Upon review of these cases, this Court does not disagree with their reasoning but the circumstances of those cases are clearly distinguishable from those before us. The case of Citizens for Clean Air preceded the FWPCA Amendments of 1972 and therefore is no longer supportive of the proposition advanced here. In Port of Astoria there existed a long-term contractual relationship between a Federal agency and a private corporation in which the proposed private manufacturing plant was entirely dependent upon electrical power to be supplied by the Federal agency. In Mahelona the problem was not that the Corps failed to examine the effects of the electrical generating plant, but rather failed to review the consequences of its own construction permit allowing a wastewater discharge facility. In short, the results of these cases do not compel the conclusion which the Appellants desire.

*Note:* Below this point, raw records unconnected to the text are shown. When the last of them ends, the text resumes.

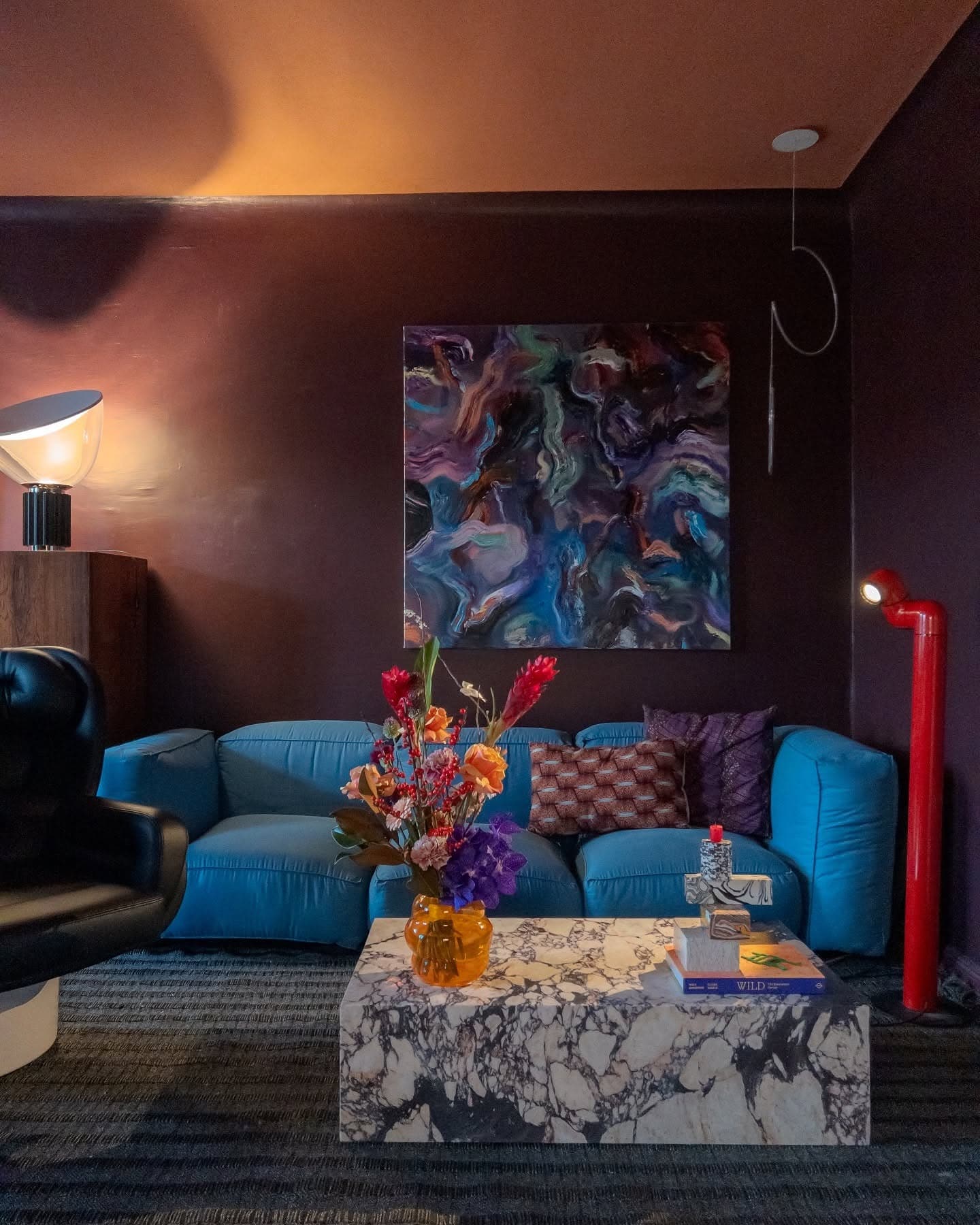 2. Artistic Edge with Bold Contrast - urban living room ideas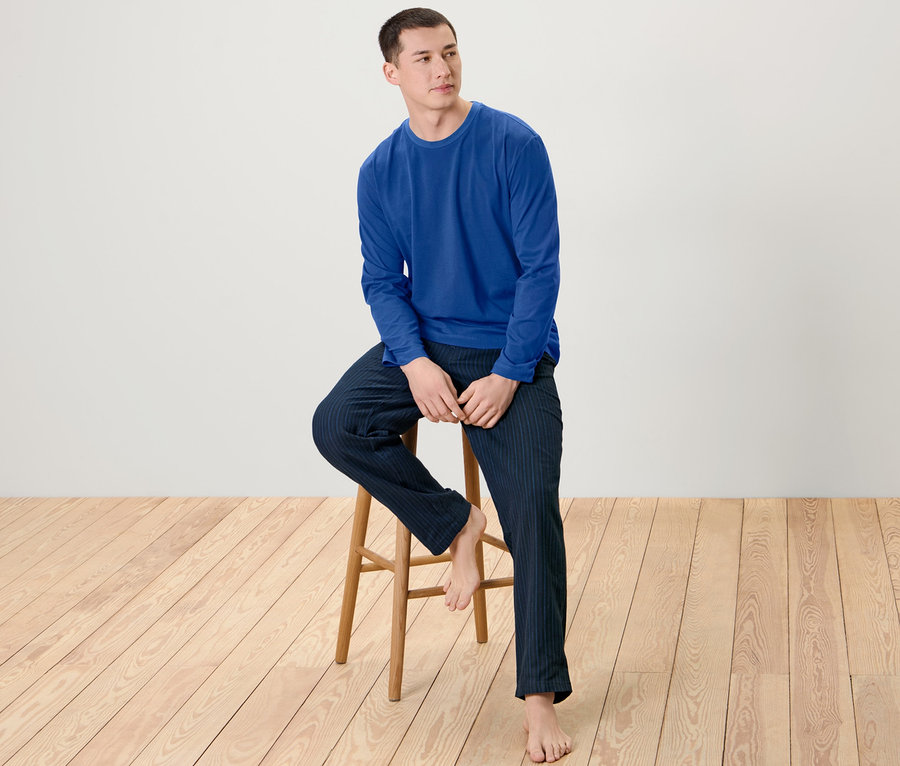 Mann sitzt auf einem Holzhocker und trägt einen Herren-Pyjama mit Flanellhose.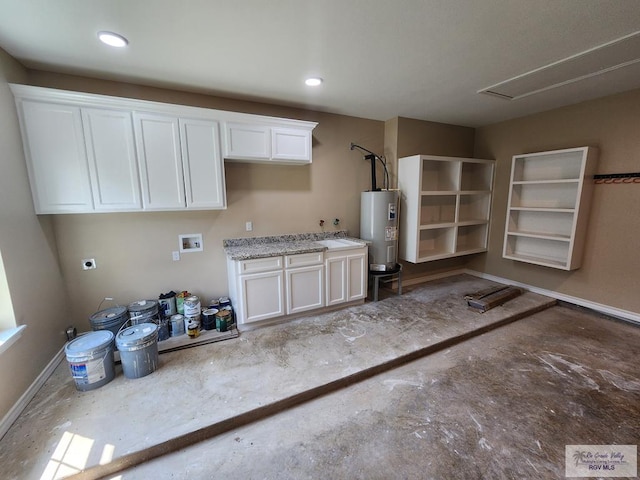 garage with baseboards and electric water heater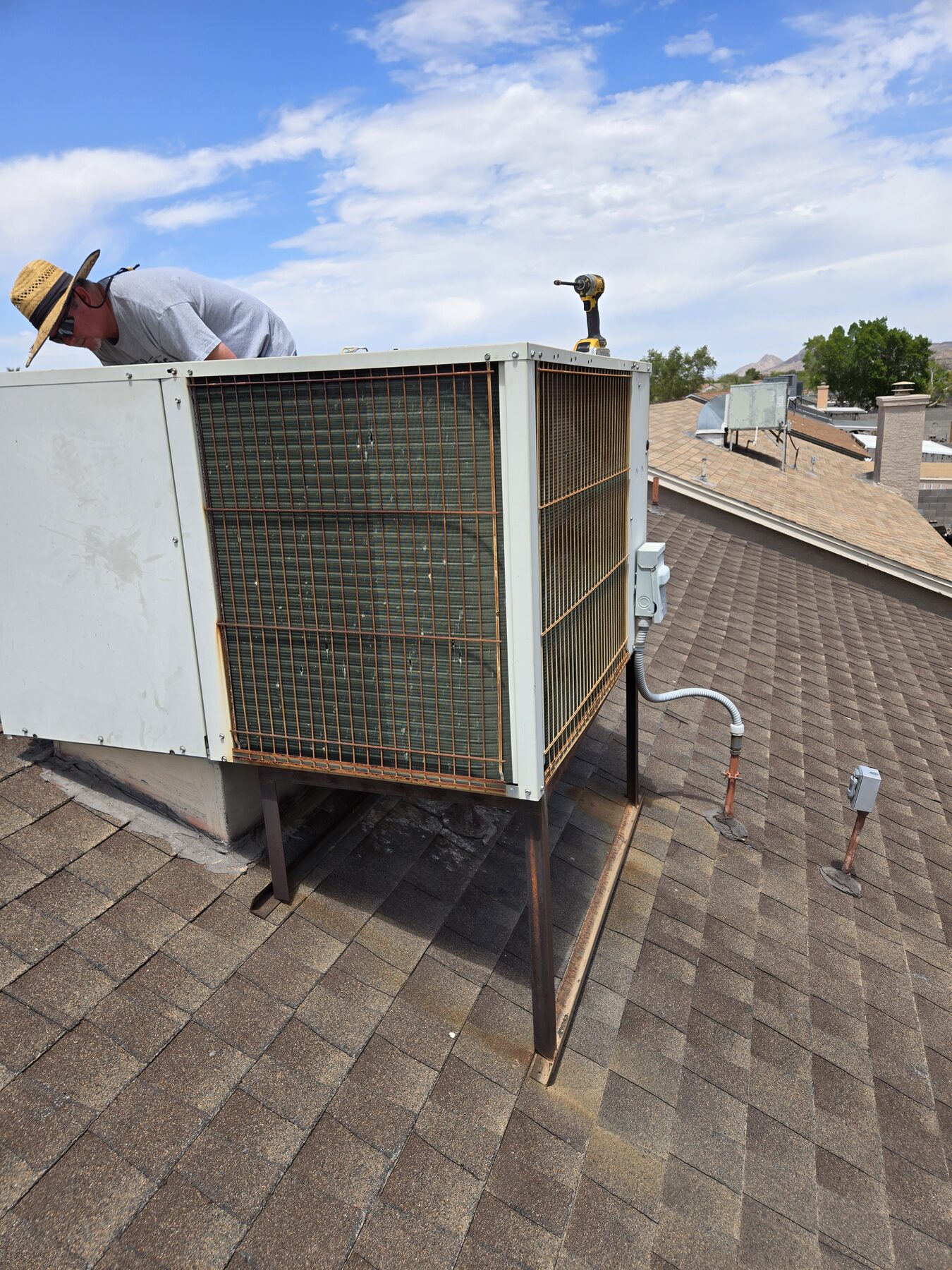 Rooftop package unit checked for heating and cooling service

Absent facts or circumstances which are not present here, we decline to hold that NEPA required the Corps as a matter of law to consider the entire Du Pont facility in determining whether or not an EIS was necessary.



1. Among those agencies were the following: the Environmental Protection Agency, the Department of Interior, Fish and Wildlife Service, the Department of Commerce, the National Oceanic and Atmospheric Administration, the Mississippi Marine Resources Council, the Mississippi Air and Water Pollution Control Commission, and the Mississippi State Clearing House for Federal Programs.
2. 33 U.S.C. § 1371(c)(1) and (2) provides as follows: (c)(1) Except for the provision of Federal financial assistance for the purpose of assisting the construction of publicly owned treatment works as authorized by section 1281 of this title, and the issuance of a permit under section 1342 of this title for the discharge of any pollutant by a new source as defined in section 1316 of this title, no action of the Administrator taken pursuant to this chapter shall be deemed a major Federal action significantly affecting the quality of the human environment within the meaning of the National Environmental Policy Act of 1969 (83 Stat. 852); and (2) Nothing in the National Environmental Policy Act of 1969 (83 Stat. 852) shall be deemed to— (A) authorize any Federal agency authorized to license or permit the conduct of any activity which may result in the discharge of a pollutant into the navigable waters to review any effluent limitation or other requirement established pursuant to this chapter or the adequacy of any certification under section 1341 of this title; or (B) authorize any such agency to impose, as a condition precedent to the issuance of any license or permit, any effluent limitation other than any such limitation established pursuant to this chapter.
3. We express no opinion as to the proper scope and extent of coverage of an EIS should one have been necessary.